● Goal of the exercise: Copy nothing but the lines from the one containing "Foto effect van de categorie Zomer № 88088" through the last line of the entries below, exactly as written and without pictures.

Segment Start: Records to process

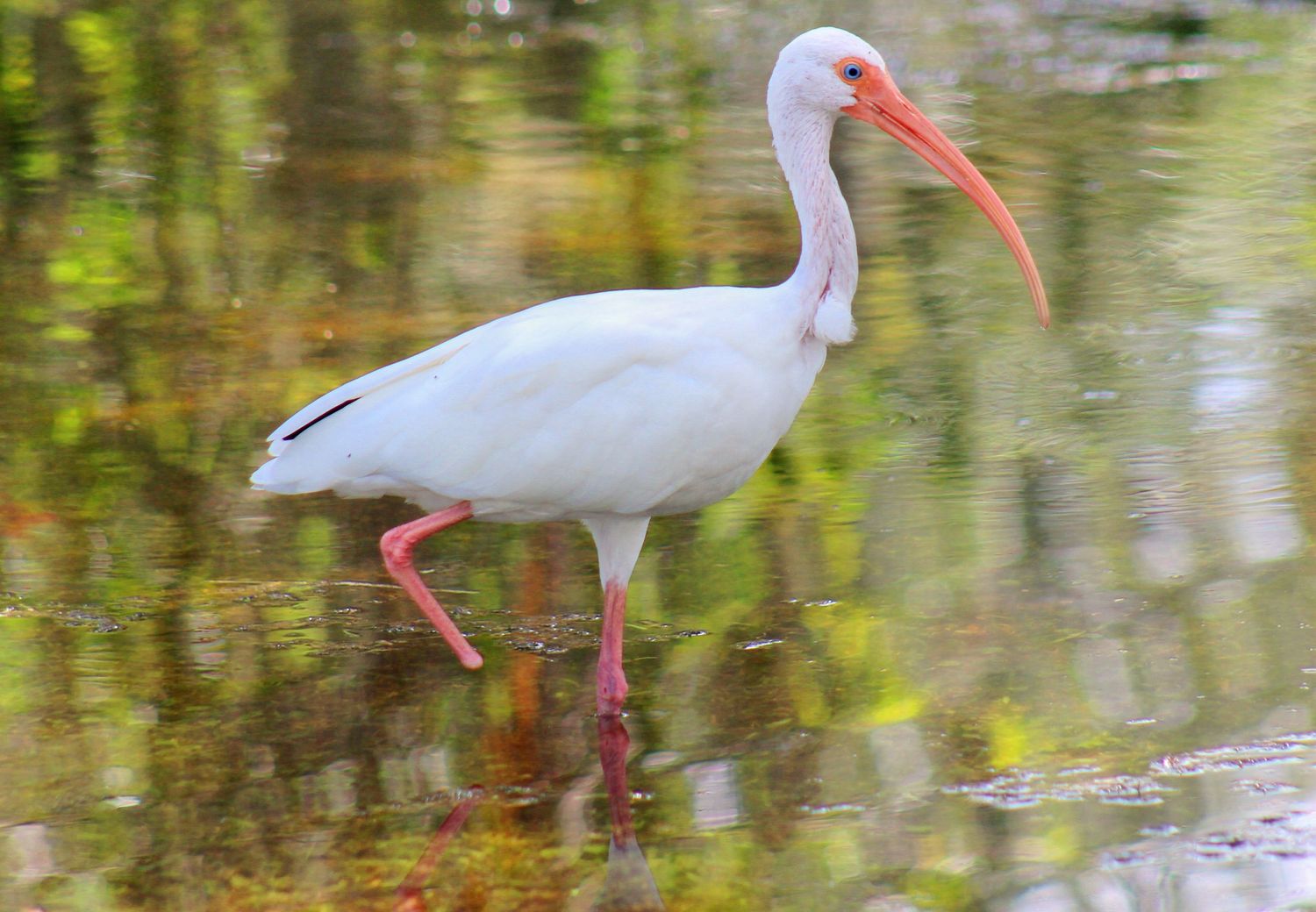 Lefty the Ibis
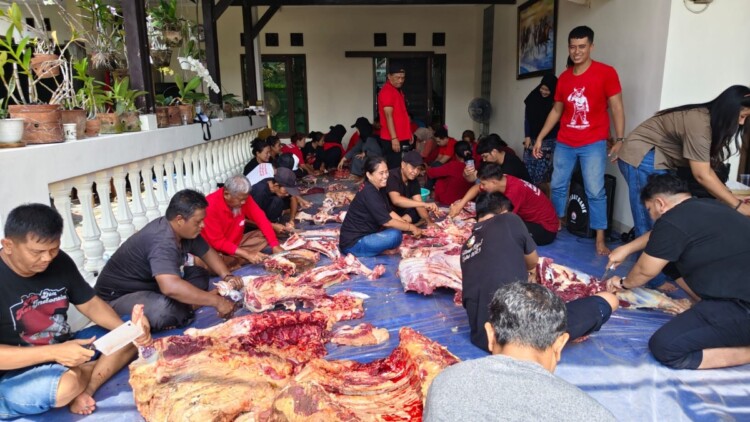 pdip jatim 260517 sembelih sapi kota kediri 1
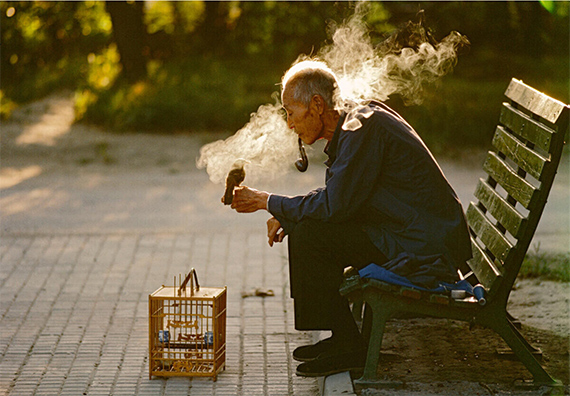 Thomas Hoepker: Old man with his pet bird in Ritan Park, Beijing, China, 1984 
© Thomas Hoepker / Magnum Photos
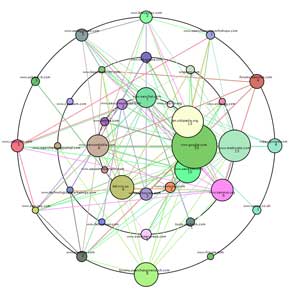 Search engine optimization careers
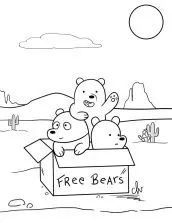 desenhos de ursos sem curso para colorir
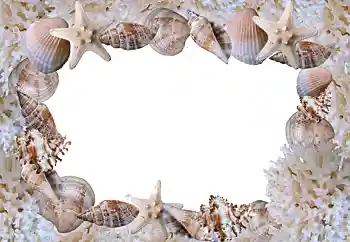 Foto effect van de categorie Zomer № 88088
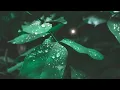 Nya Gyedie - Nana Adomako Nyamekye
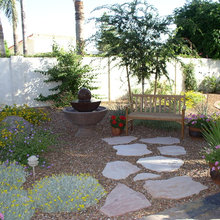 Bird space backyard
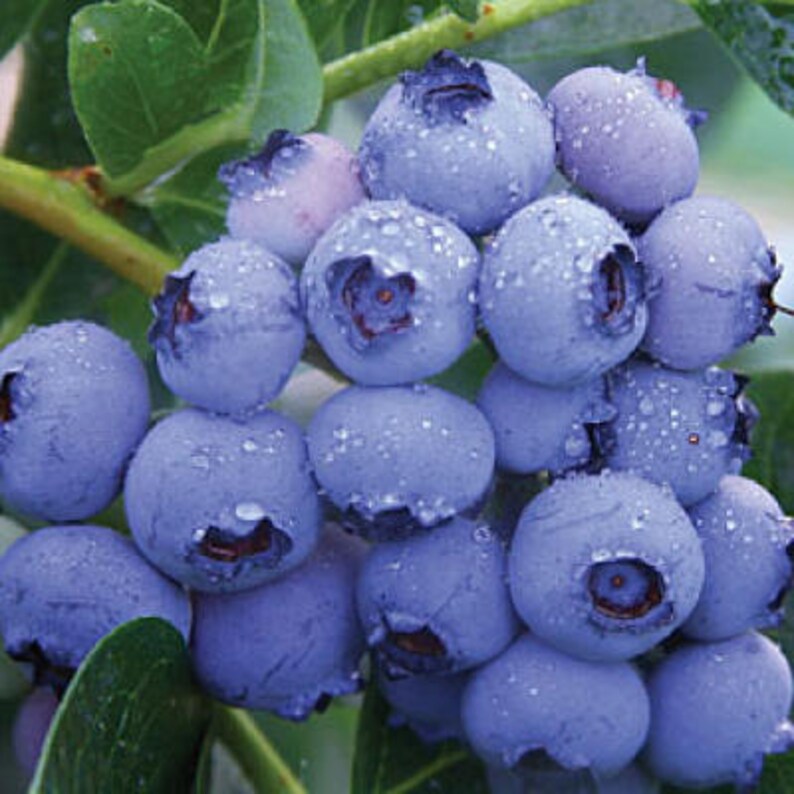 BlueCrop Blueberry 1 Gallon Potted Plant 24 Ft Tall Etsy BlueCrop Blueberry 1 Gallon Potted Plant 24 Ft Tall Etsy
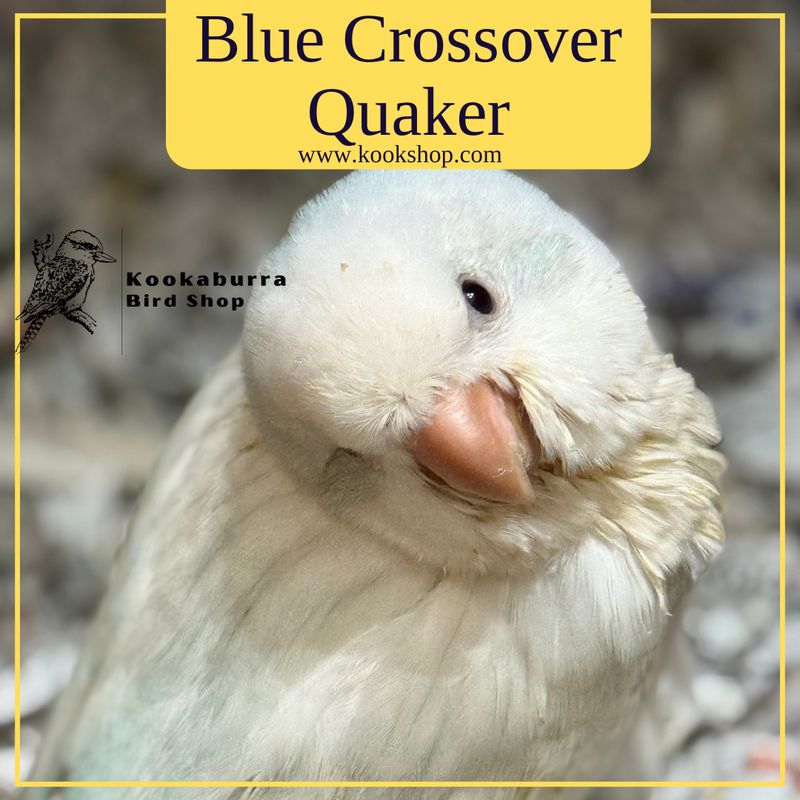 Blue Crossover Quaker Parakeet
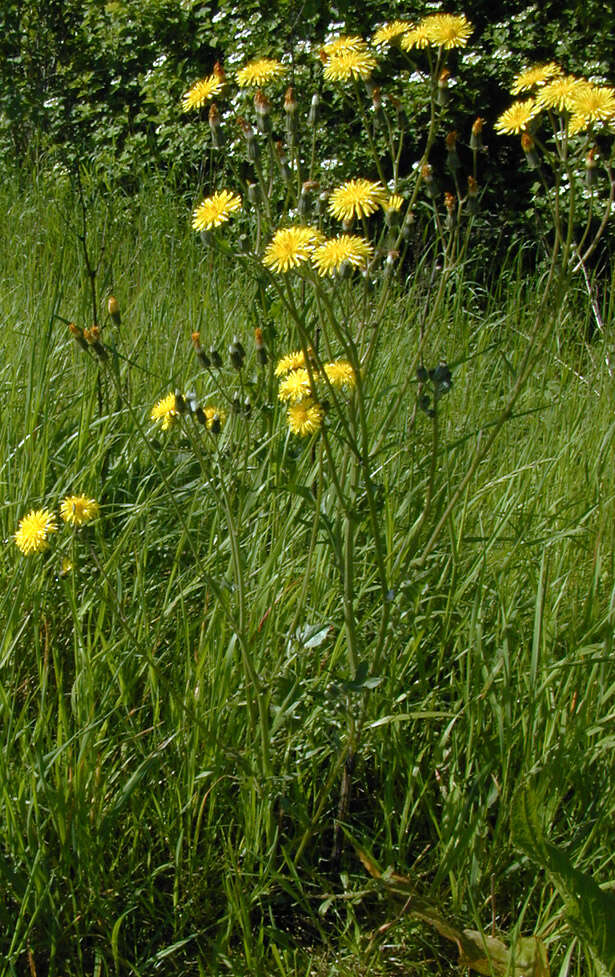 Image of beaked hawksbeard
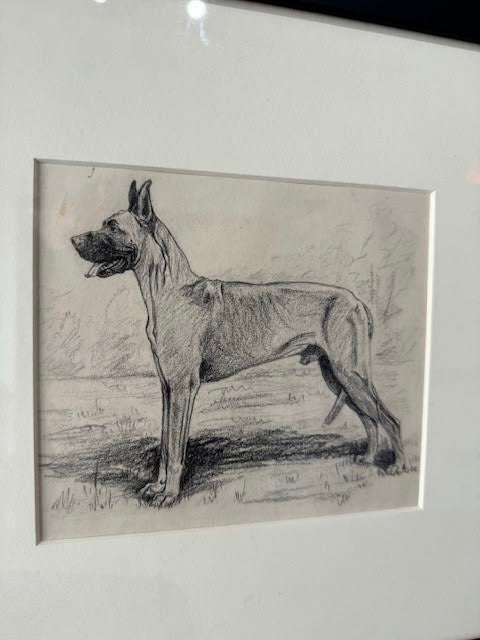 19th Century Sketch of Dog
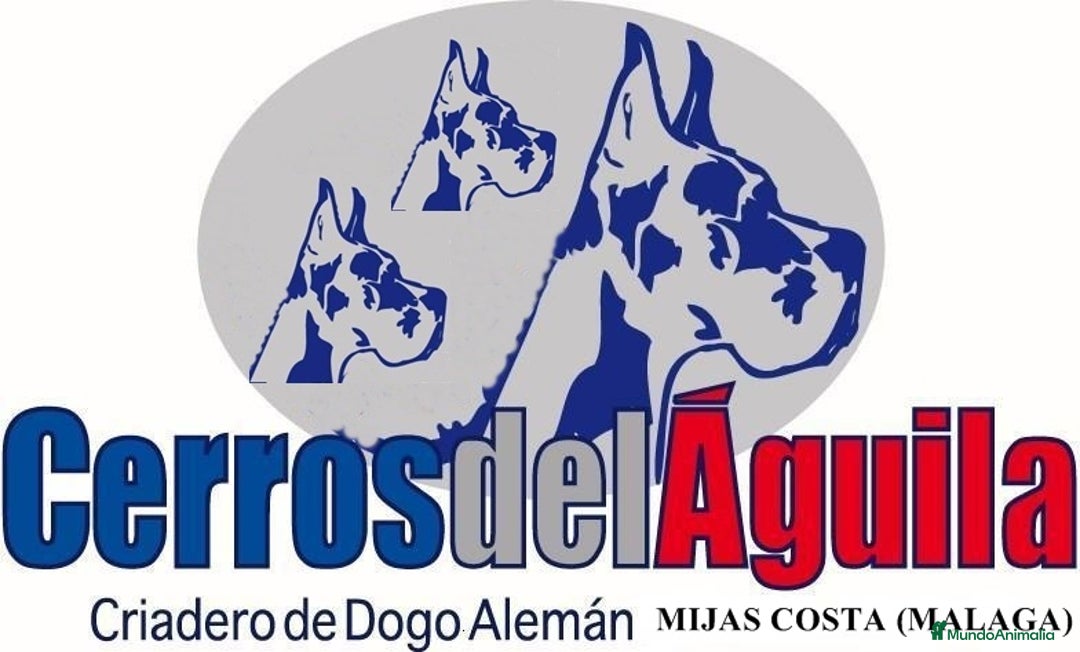 Imagen de galería {{count}}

Segment End: Records to process

● Task response:
 Foto effect van de categorie Zomer № 88088
 Nya Gyedie - Nana Adomako Nyamekye
 Bird space backyard
 BlueCrop Blueberry 1 Gallon Potted Plant 24 Ft Tall Etsy BlueCrop Blueberry 1 Gallon Potted Plant 24 Ft Tall Etsy
 Blue Crossover Quaker Parakeet
 Image of beaked hawksbeard
 19th Century Sketch of Dog
 Imagen de galería {{count}}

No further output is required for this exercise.